En dernier lieu, pour les mêmes motifs que développés aux points précédents, le moyen tiré de l’erreur manifeste d’appréciation doit être écarté.
En ce qui concerne l’obligation de quitter le territoire français :
D’une part, Mme D… n’ayant pas démontré l’illégalité de la décision portant refus de titre de séjour prise à son encontre, le moyen tiré de cette illégalité et soutenu par la voie de l’exception, à l’encontre de la décision portant obligation de quitter le territoire français, doit être écarté.
D’autre part, pour les mêmes motifs que ceux retenus aux points 8 à 10, le moyen tiré de la méconnaissance de son droit à mener une vie privée et familiale normale et de l’erreur manifeste d’appréciation doit être écarté.
En ce qui concerne la décision fixant le délai de départ volontaire :
Mme D… n’ayant pas démontré l’illégalité de la décision portant obligation de quitter le territoire français prise à son encontre, le moyen tiré de cette illégalité et soutenu par la voie de l’exception, à l’encontre de la décision fixant le délai de départ volontaire, doit être écarté.
En ce qui concerne la décision fixant le pays de destination :
Mme D… n’ayant pas démontré l’illégalité de la décision portant obligation de quitter le territoire français prise à son encontre, le moyen tiré de cette illégalité et soutenu par la voie de l’exception, à l’encontre de la décision fixant le pays de destination, doit être écarté.
Il résulte de l’ensemble de ce qui précède, que les conclusions à fin d’annulation de la requête doivent être rejetées.
Sur les conclusions en injonction :
Le présent jugement, qui rejette les conclusions de la requête de Mme D… à fin d’annulation, n’appelle aucune mesure d’exécution. Les conclusions à fin d’injonction, sous astreinte, doivent par conséquent être rejetées.
Sur les frais de l’instance :
Les dispositions de l’article L. 761-1 du code de justice administrative et de l’article 37 de la loi du 10 juillet 1991 font obstacle à ce que soit mise à la charge de l’Etat, qui n’est pas partie perdante dans la présente instance, la somme que Mme D… demande, au bénéfice de son conseil, au titre des frais de l’instance.
D E C I D E :
Article 1er : La requête de Mme D… est rejetée.

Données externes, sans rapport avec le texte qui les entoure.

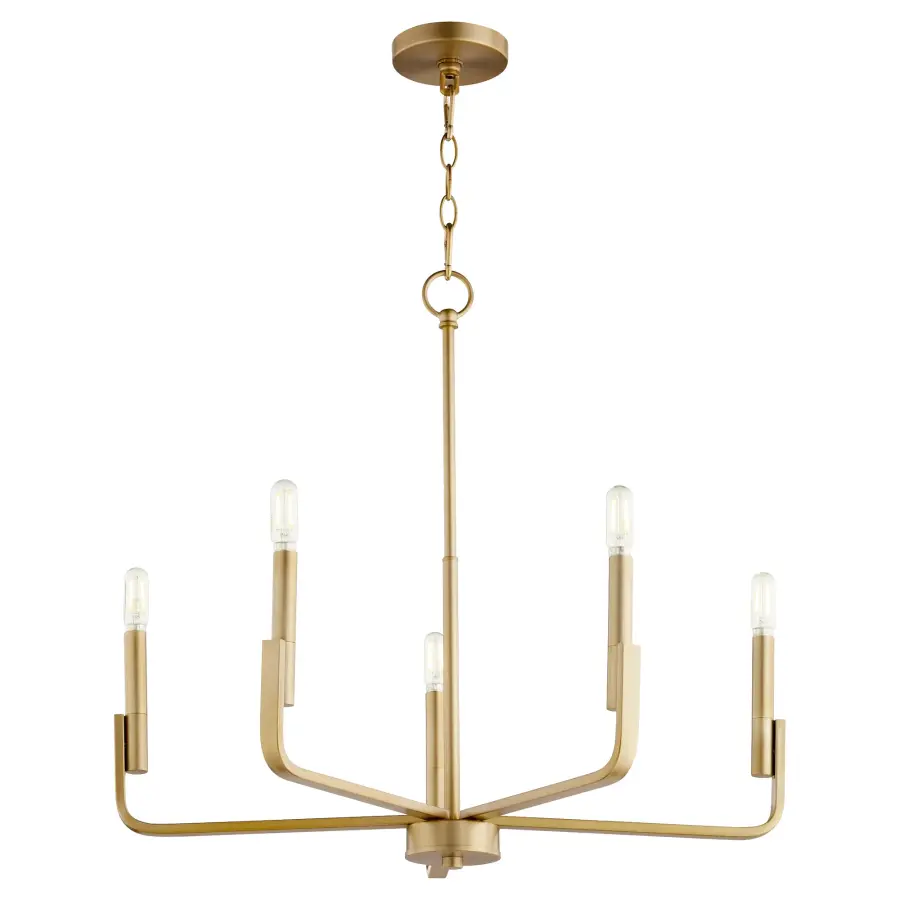 Versatile Transitional Chandelier with Timeless Aged Brass Finish - Image 2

Article 2 : Le présent jugement sera notifié à Mme B… D…, à Me Lulé et au préfet du Rhône.
Délibéré après l’audience du 5 mai 2026, à laquelle siégeaient :
Mme Bour, présidente ;
Mme Duca, première conseillère ;
Mme Gros, première conseillère.
Rendu public par mise à disposition au greffe le 21 mai 2026.

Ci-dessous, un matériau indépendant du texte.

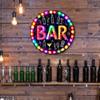 Mfoever Tin Sign Vintage Neon Effect BAR Cocktail Wine Bottle Themed Round Metal Tin Sign Retro Pub Man Cave Wall Decor Art Plaque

La présidente-rapporteure,
A-S. Bour
L’assesseure la plus ancienne,
Duca
La greffière,
C. Delmas
La République mande et ordonne au préfet du Rhône en ce qui le concerne ou à tous commissaires de justice à ce requis en ce qui concerne les voies de droit commun contre les parties privées, de pourvoir à l’exécution de la présente décision.